Our main motive for doing it was because much of the material was never going to have any other outlet if we didn't do something about it, but primarily because it was just fun to do and it kept us off the streets!

Ultimately the scene was small and it was primarily friends and friends of friends who ended up getting these tapes in their possession. Probably at most only around a hundred and fifty people got to hear each cassette, although that's a damn sight more than would have heard the music outside of the gigs, had we not issued them in the first place.

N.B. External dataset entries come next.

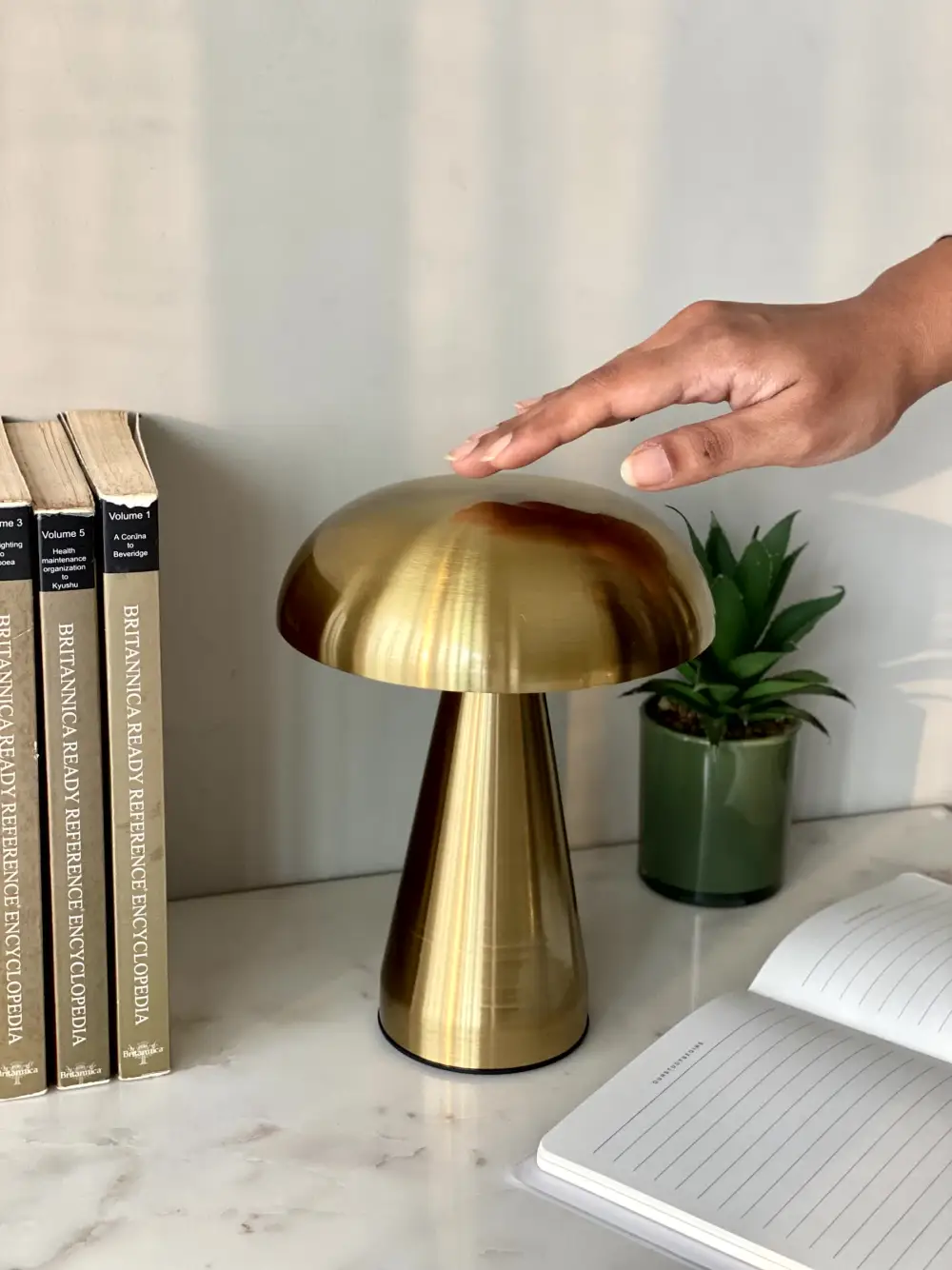 Luxor Table Lamp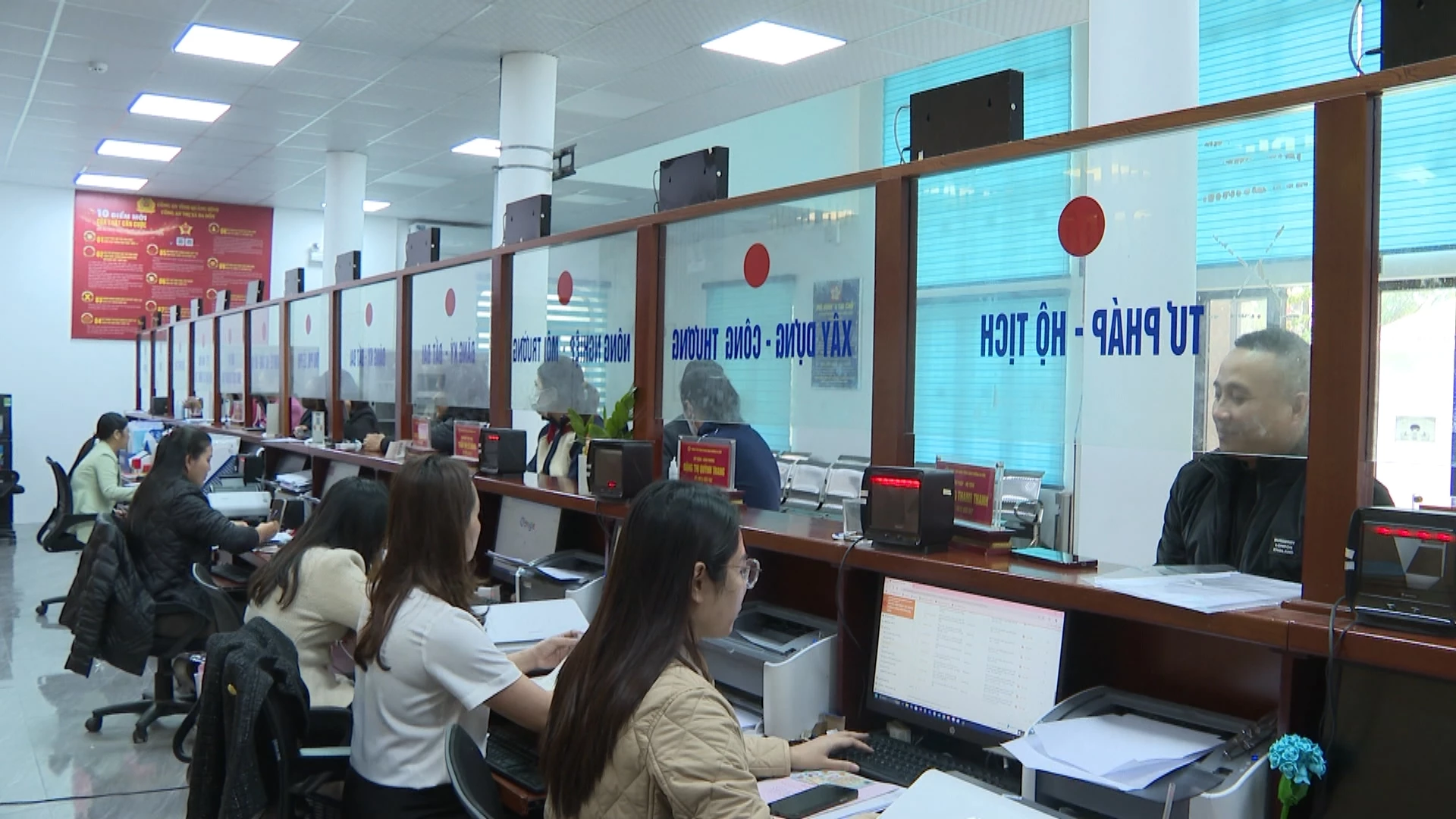 C&aacute;n bộ Trung t&acirc;m Phục vụ h&agrave;nh ch&iacute;nh c&ocirc;ng phường Ba Đồn tiếp nhận hồ sơ,&nbsp; giải quyết thủ tục h&agrave;nh ch&iacute;nh của người d&acirc;n - Ảnh: N.L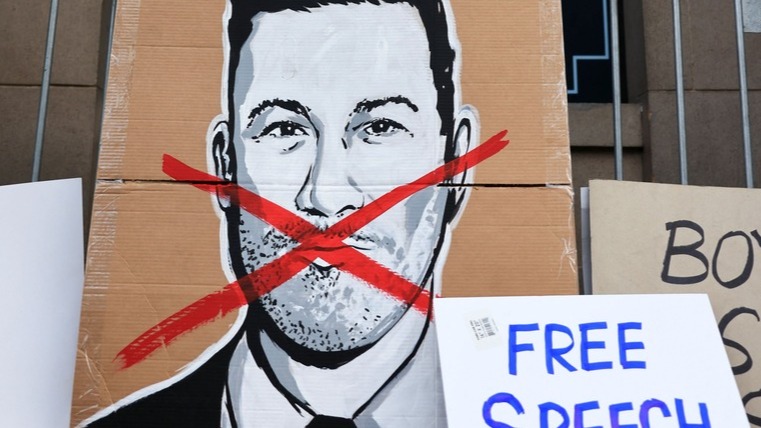 Trump sobre cadenas de televisión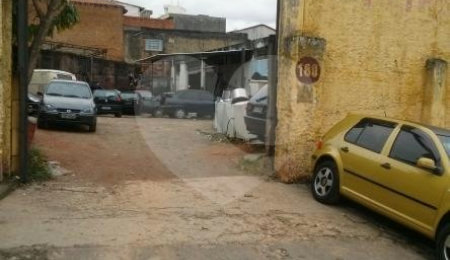 Prédio à venda em Parada Inglesa, São Paulo, SP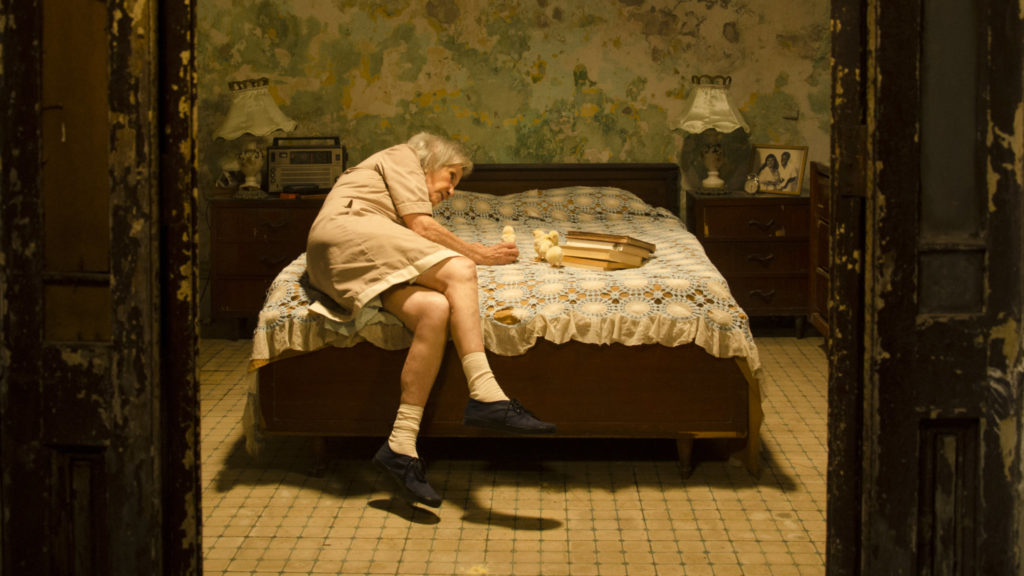 «Candelaria», une fresque délabrée d’un couple au crépuscule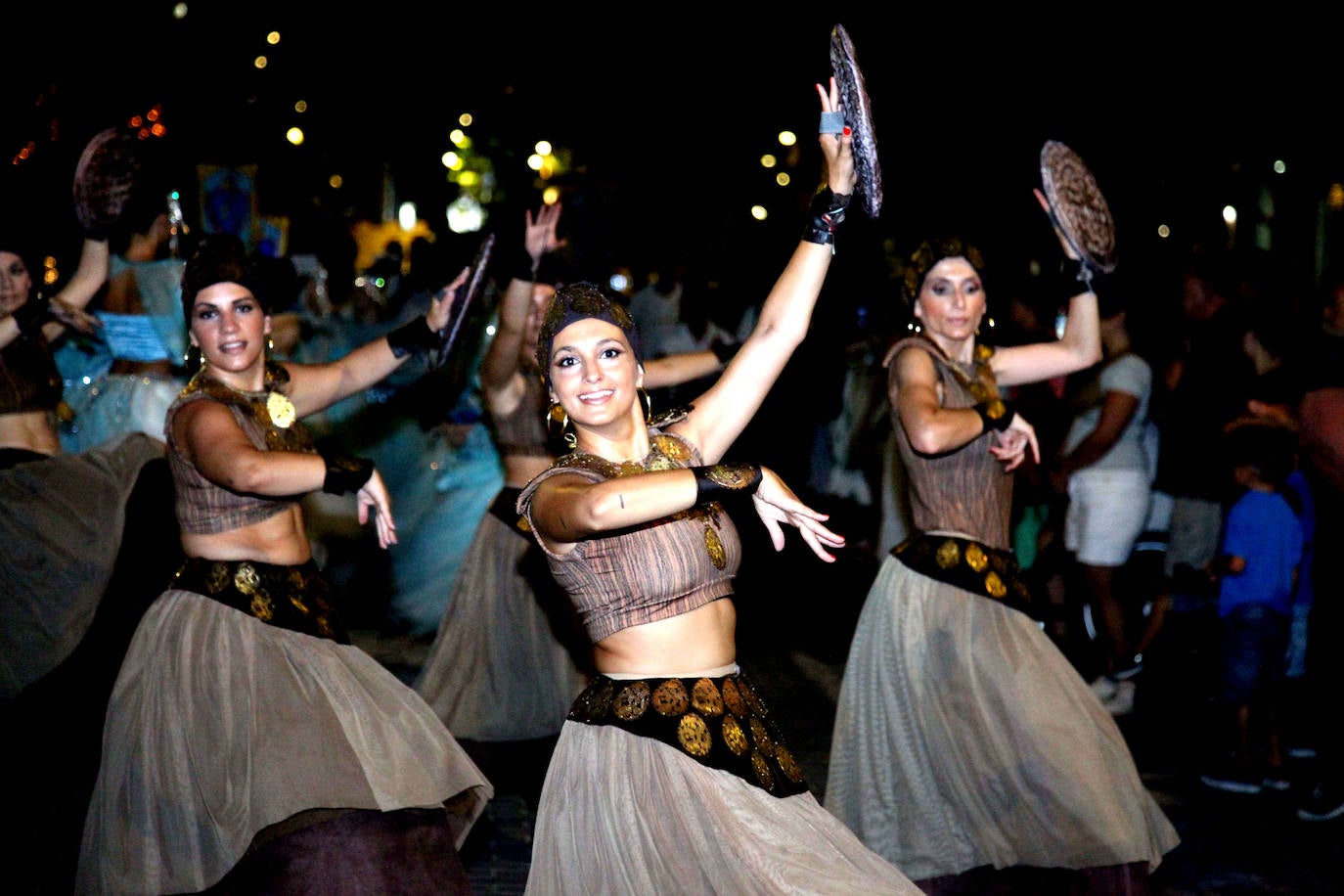 El Desfile de Gala de los Moros y Cristianos llena las calles de Dénia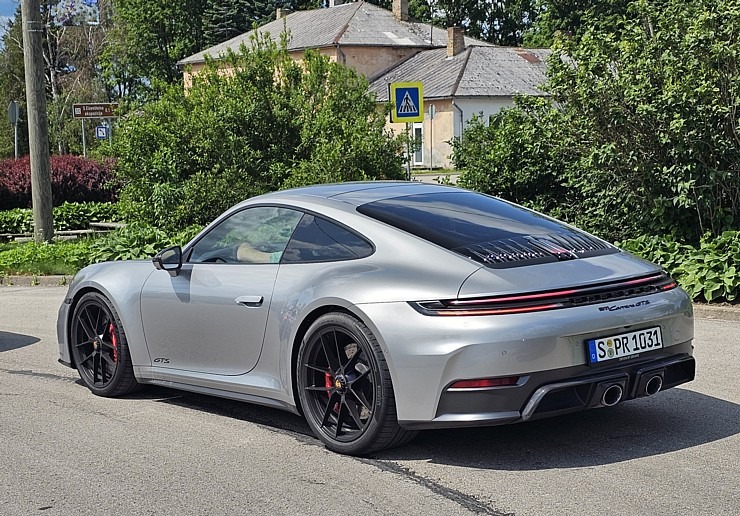 Apceļojam Latviju ar sešiem dažādiem Porsche 911 un 718 spēkratiem 372610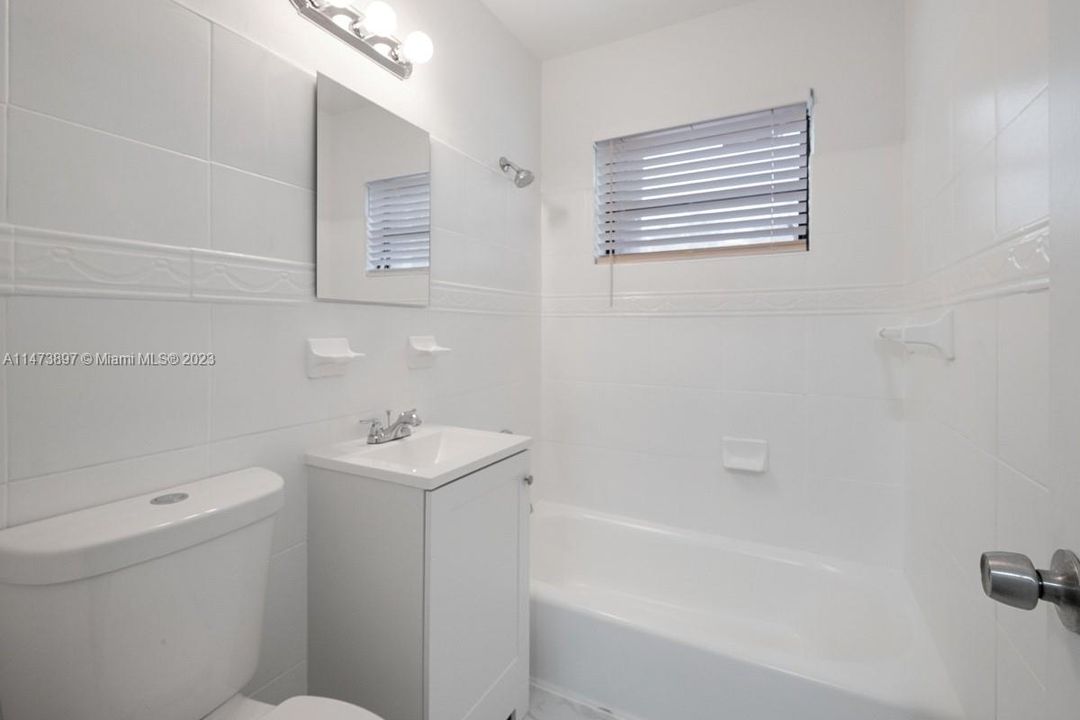 Recently Sold: $435,000 (3 beds, 2 baths, 1095 Square Feet)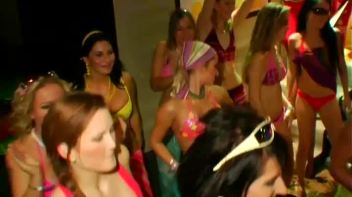 Bay Crotch Part 1 - Main Edit Screencap 107 on www.sinx.com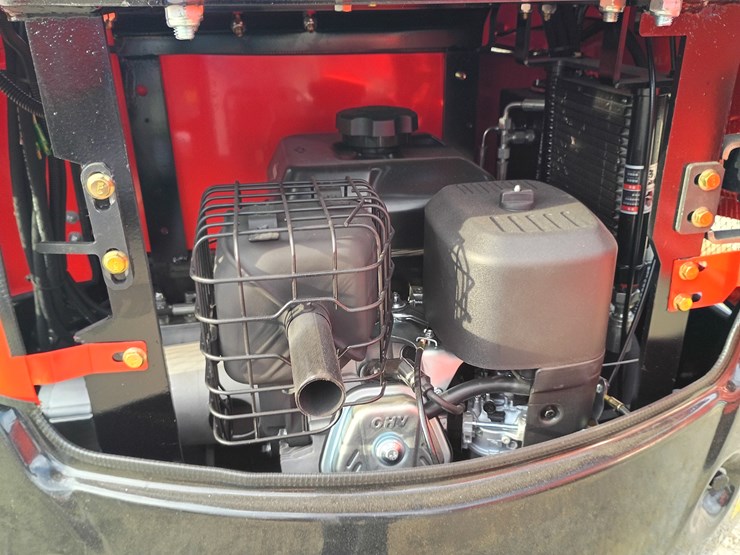 #l57-002-•-2025-tpm-16-mini-excavator-(gasoline)-image-22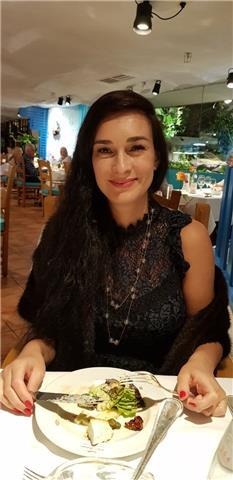 Clases en tenerife sur.
profesora de ruso, nativa. experiencia con los estudiantes de diferentes países. desde el nivel básico hasta c1-2. se usan los materiales para estudiantes estrangeros incluyendo los juegos, textos adaptados, canciones. 
es posible 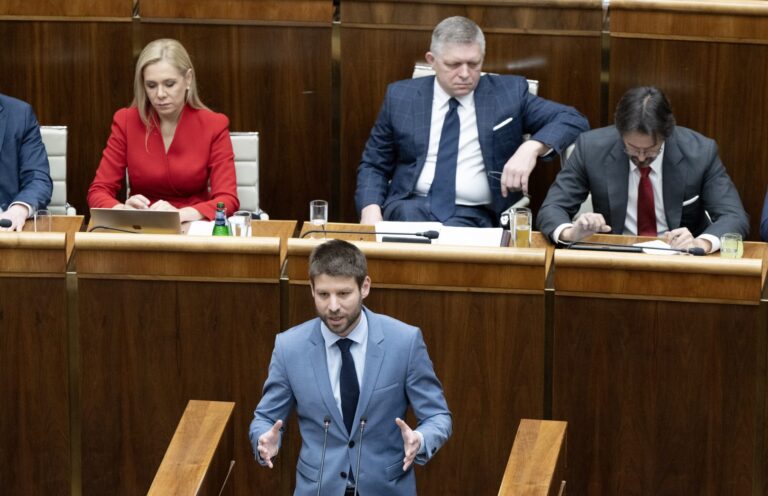 Prieskum: Progresívne Slovensko vedie, Smer a Hlas oslabujú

Another Bouquet came on the back heels of its predecessor Bouquet of Barbed Wire, which was by far one of our most favoured releases. To my mind Another Bouquet had a more diverse and slightly extra developed sense to it from the aforementioned tape, with the fantastic S-Haters 1980 opener, which I adored, especially the tremendous and incredibly powerful intro performed on it by Fiona Branson. That was the highlight of the compilation for me, although there are other little gems in there that bring back great memories from a more carefree time, which evoked an energy that anything was possible and the world was our oyster. On top of that we were all little rascals and if you told us you couldn't do something, rest assured we'd sure enough find a way to do it! So although our compilation releases didn't echo those with the gloss by corporates such as K-Tel, only being produced on standard shop bought cassettes, photocopied sleeves and sold via mail order (eat your heart out Amazon, we were ahead of the game!), our passion exceeded all, demonstrating where there’s a will, there’s a way.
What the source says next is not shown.